TASK BRIEF:
Beginning with the line that contains "องุ่นจากการปักชำ", copy each remaining line of the data below exactly.

DATA PROVIDED:
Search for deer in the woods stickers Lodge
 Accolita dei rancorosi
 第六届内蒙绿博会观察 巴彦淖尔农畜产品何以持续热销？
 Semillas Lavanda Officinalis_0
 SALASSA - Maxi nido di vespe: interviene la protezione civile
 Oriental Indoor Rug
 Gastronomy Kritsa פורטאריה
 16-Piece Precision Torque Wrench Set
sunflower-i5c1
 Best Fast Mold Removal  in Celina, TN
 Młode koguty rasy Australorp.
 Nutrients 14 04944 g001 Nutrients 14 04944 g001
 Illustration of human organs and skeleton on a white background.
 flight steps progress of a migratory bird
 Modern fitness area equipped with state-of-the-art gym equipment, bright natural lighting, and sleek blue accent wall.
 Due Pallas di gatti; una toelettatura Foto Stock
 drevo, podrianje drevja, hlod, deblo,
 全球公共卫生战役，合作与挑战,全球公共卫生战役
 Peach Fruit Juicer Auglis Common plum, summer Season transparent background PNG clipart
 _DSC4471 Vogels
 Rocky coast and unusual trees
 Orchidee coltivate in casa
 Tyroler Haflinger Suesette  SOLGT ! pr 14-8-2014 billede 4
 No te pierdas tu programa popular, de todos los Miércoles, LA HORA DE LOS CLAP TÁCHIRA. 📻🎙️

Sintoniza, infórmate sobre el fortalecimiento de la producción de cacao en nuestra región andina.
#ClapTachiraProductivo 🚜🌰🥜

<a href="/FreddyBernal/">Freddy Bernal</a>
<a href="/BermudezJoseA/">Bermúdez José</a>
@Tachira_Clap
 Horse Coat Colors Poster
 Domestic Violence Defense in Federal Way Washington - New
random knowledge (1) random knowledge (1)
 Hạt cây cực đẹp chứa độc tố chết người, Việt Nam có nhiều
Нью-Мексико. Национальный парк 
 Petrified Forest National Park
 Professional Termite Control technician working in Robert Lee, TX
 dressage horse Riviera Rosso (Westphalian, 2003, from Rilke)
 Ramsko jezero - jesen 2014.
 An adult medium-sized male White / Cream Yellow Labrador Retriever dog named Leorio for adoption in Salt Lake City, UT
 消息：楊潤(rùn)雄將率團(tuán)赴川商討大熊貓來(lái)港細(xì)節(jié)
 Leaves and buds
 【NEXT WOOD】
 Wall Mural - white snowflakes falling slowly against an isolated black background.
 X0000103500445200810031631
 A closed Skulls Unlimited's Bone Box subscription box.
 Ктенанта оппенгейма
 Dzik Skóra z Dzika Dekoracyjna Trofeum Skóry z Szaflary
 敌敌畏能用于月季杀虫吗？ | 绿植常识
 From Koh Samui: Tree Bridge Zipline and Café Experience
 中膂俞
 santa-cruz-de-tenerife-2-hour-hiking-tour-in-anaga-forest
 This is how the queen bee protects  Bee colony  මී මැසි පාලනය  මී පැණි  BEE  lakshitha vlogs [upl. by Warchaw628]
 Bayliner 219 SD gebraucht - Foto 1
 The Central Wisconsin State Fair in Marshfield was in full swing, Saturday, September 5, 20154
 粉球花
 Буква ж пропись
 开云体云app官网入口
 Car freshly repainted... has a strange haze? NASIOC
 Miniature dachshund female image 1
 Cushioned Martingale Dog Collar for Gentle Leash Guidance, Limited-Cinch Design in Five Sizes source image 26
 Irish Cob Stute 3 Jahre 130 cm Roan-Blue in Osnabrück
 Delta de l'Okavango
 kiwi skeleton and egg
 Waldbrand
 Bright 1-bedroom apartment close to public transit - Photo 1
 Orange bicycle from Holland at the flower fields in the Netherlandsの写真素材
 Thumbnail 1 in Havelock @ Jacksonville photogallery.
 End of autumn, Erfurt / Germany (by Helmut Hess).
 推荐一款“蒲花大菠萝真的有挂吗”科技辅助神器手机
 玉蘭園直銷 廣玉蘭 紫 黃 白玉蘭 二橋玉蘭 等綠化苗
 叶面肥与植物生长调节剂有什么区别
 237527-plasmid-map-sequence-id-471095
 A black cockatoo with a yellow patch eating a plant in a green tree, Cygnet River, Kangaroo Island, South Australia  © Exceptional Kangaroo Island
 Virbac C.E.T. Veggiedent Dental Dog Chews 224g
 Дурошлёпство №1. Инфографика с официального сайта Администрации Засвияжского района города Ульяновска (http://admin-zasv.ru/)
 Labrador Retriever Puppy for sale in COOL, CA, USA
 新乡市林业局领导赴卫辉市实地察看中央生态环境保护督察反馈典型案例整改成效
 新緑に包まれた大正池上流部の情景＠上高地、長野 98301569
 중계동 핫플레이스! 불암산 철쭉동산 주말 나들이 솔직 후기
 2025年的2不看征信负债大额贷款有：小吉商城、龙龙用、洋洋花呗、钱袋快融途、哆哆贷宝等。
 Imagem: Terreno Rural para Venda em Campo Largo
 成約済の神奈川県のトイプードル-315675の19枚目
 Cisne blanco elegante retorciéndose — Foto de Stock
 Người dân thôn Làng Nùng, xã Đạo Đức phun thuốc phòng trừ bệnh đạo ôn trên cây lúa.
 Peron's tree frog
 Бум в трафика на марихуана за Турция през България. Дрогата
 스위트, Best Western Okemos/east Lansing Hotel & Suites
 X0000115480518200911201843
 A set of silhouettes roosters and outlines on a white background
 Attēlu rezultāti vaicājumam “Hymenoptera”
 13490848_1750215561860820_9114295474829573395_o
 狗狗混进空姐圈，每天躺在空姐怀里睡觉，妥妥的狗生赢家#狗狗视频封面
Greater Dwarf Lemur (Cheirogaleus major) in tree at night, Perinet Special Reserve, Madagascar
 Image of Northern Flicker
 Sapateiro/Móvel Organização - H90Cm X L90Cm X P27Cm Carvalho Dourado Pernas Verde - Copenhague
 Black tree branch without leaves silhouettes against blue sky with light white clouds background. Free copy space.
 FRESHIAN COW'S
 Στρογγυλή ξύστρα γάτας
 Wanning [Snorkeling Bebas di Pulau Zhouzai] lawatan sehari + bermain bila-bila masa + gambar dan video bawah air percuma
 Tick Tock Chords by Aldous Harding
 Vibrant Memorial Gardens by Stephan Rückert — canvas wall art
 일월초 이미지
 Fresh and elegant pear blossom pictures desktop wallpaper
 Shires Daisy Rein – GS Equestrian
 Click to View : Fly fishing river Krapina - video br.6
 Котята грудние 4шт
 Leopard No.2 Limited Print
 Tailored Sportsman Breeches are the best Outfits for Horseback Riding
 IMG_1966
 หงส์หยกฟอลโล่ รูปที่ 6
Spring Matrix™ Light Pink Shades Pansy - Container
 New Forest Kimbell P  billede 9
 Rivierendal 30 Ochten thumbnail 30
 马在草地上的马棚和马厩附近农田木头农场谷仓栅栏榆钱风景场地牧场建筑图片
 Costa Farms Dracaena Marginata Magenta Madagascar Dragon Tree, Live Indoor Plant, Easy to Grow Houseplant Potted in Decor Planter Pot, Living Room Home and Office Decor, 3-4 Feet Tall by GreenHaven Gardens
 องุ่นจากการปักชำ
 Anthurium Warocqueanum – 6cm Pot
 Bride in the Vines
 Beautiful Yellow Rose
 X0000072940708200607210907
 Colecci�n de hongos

RESPONSE TO THE TASK:
 องุ่นจากการปักชำ
 Anthurium Warocqueanum – 6cm Pot
 Bride in the Vines
 Beautiful Yellow Rose
 X0000072940708200607210907
 Colecci�n de hongos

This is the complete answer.